WHAT TO PRODUCE>
Your output should be exactly the lines from the one containing "Hospitality, Food Service" through the final line of the following data, please, with no pictures.

SUPPLIED INFORMATION>
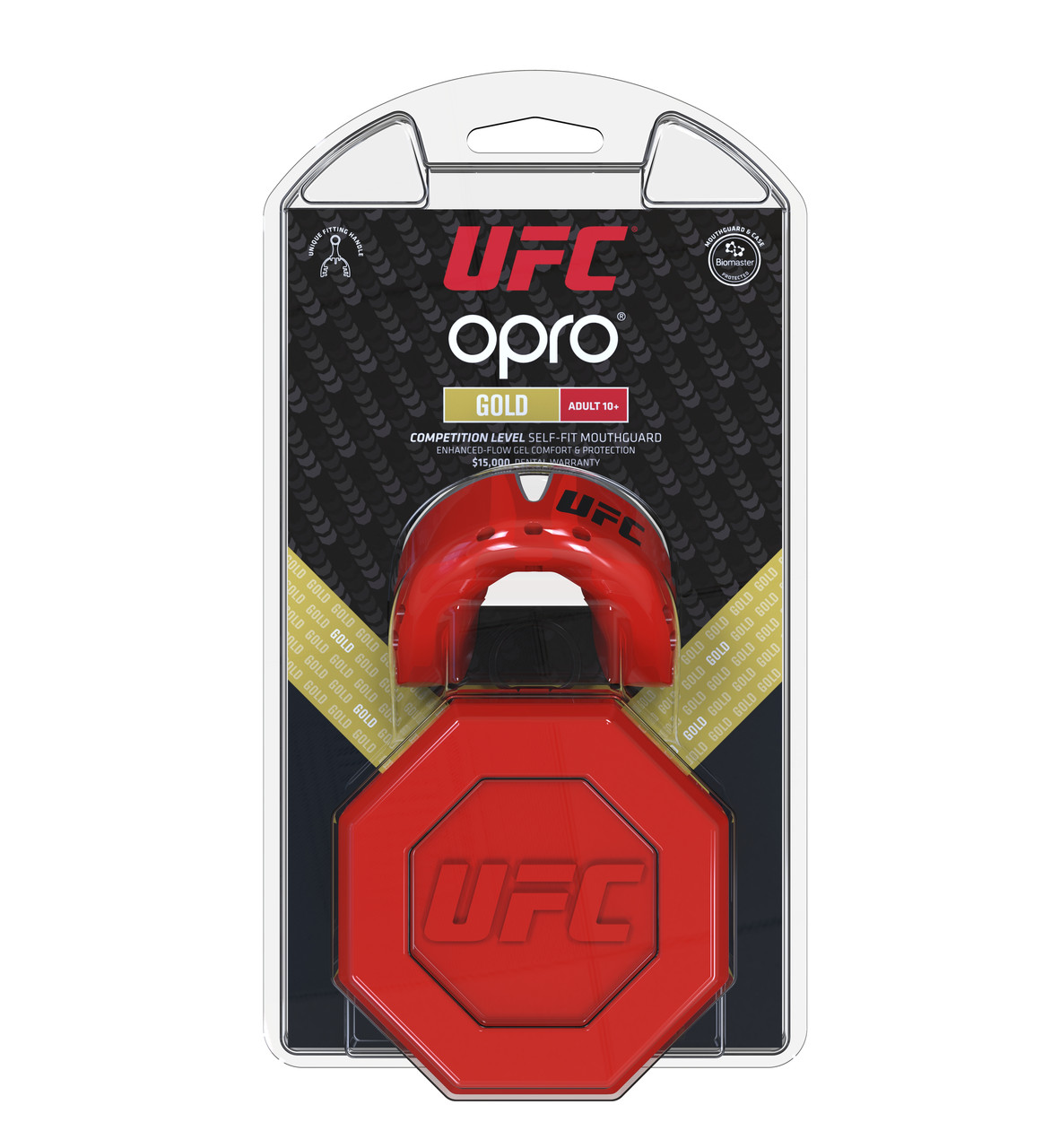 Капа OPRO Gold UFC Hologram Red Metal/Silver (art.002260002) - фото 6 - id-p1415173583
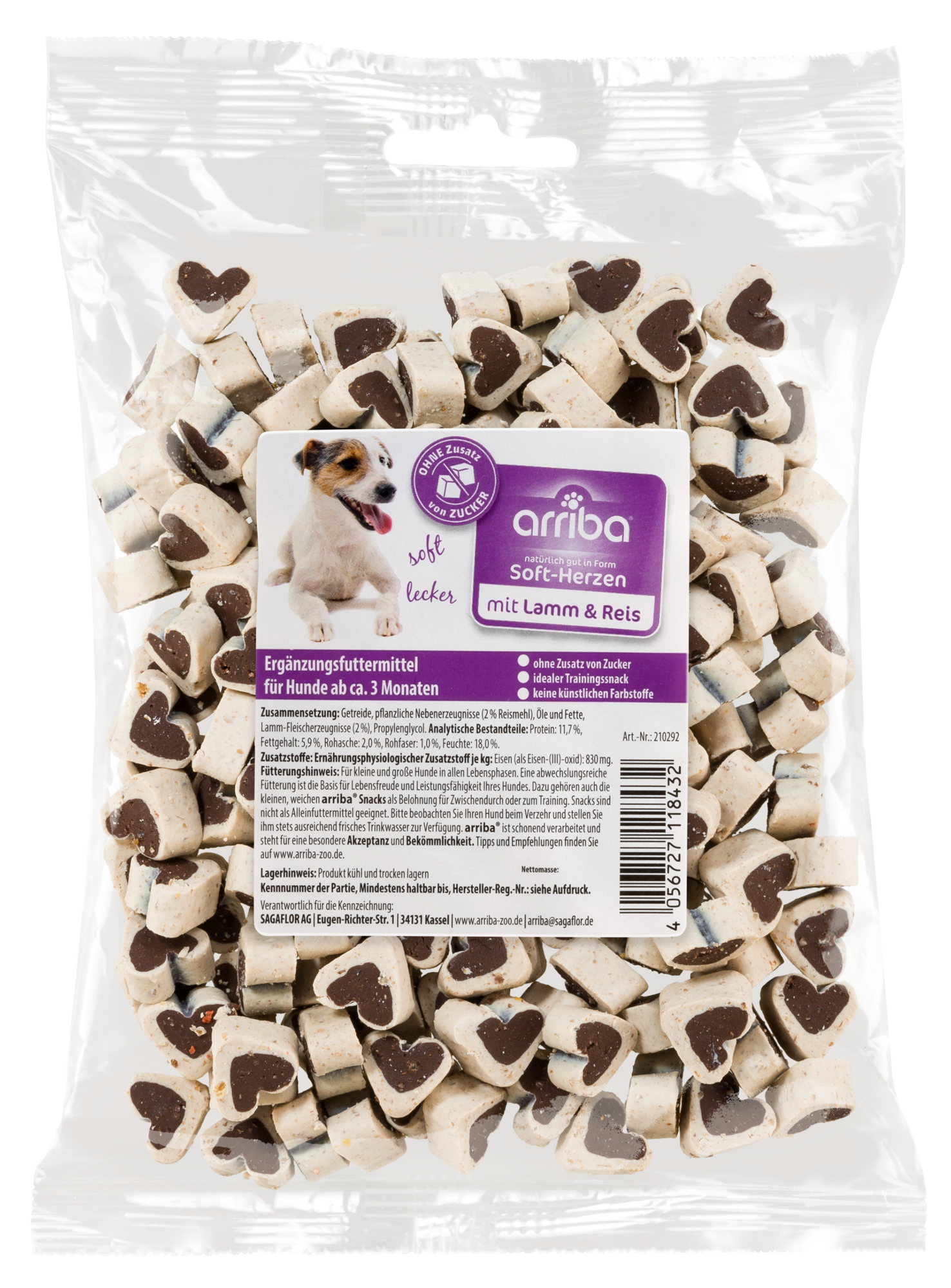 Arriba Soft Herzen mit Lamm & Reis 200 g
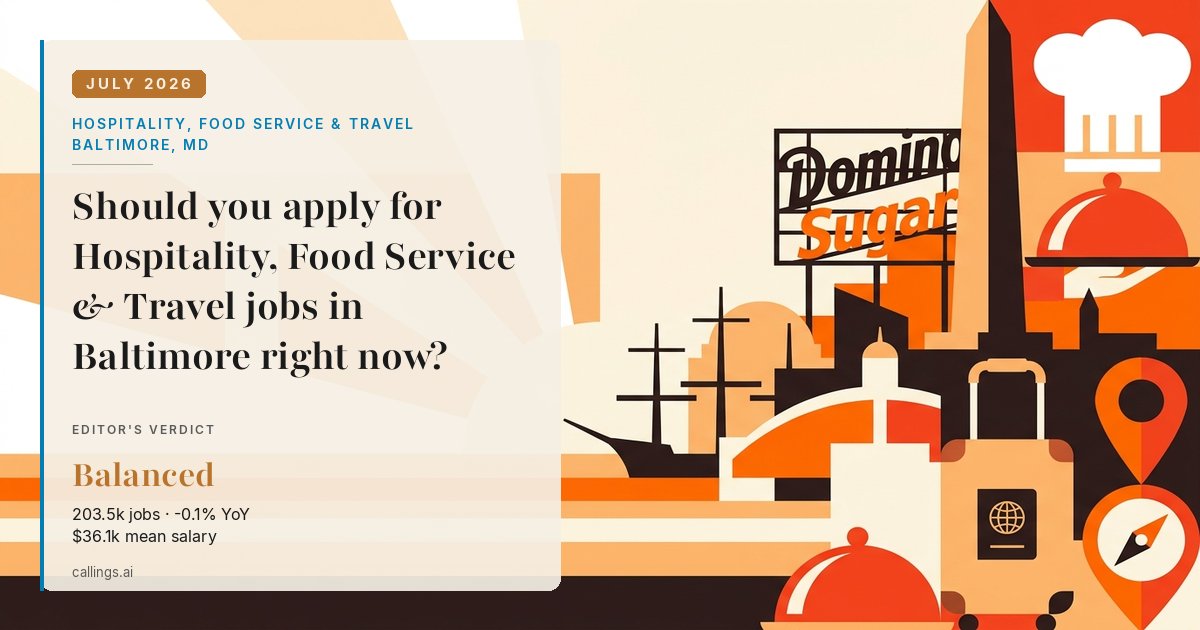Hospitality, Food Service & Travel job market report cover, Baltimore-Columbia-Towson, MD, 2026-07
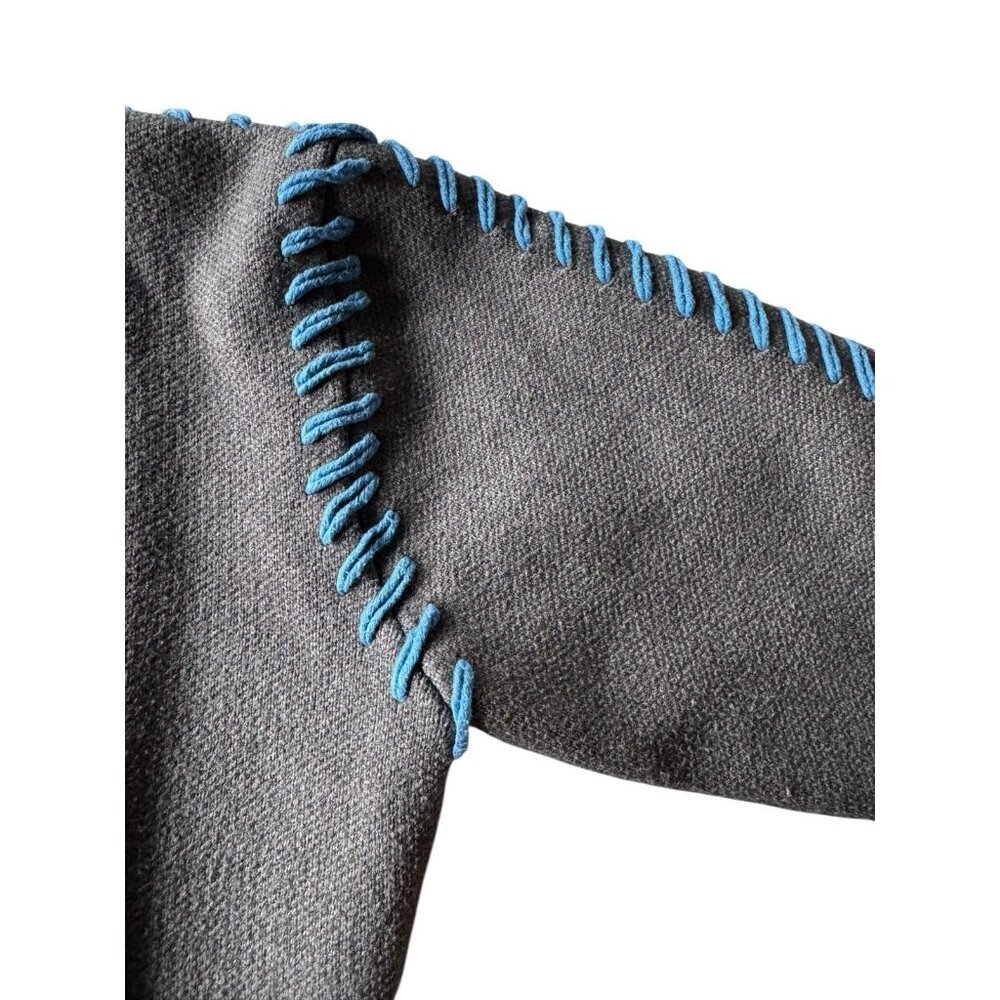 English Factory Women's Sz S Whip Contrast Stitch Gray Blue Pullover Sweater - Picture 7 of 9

TASK ANSWER>
Hospitality, Food Service & Travel job market report cover, Baltimore-Columbia-Towson, MD, 2026-07
 English Factory Women's Sz S Whip Contrast Stitch Gray Blue Pullover Sweater - Picture 7 of 9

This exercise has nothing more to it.